Apr. 2nd, 2011

Ouch

Apr. 2nd, 2011 08:19 am
[Darlin', you might not want to read this...]

So what was to be a pleasant night out with one of K's coworkers turned into a "justify your existence" inquisition based on second wave transmisogynist bullshit. It was nice to find out that my existence was somewhat inherently offensive, for having experienced male privilege at some point but "choosing" to be female*, and that I have value only because K likes me. See, I thought I had no fucking value, so it was good to know that the affection of a cis woman still gives me the right to live.

So, yeah, all I have to show for last night are a bunch of nightmares and some new gouges on my arms.

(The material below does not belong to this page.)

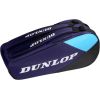 Tennis Bag DUNLOP FX CLUB 6 violet/black/cyan  Teniss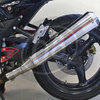 Exhaust muffler Moto Guzzi Griso Mistral conical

But, hey, I suppose there is a silver lining here. I may have been crushing a bit on this coworker of hers - like I do with probably half the queer girls I meet because I'm fucking absurd - and was experiencing my usual crushy awkwardness, but that has been totally fixed now! Yay! Or something. Fuck. It was just a night full of ouch and fail.

*Didn't I just fucking write about that shit?
Me, after talking about last night: "Well, it's okay - I mean, shit, I have like this magical ability to forgive pretty much anything."
Her: "I know, but I don't think that's a good thing."
Me: "[K] says that too..."
Her: "Good!"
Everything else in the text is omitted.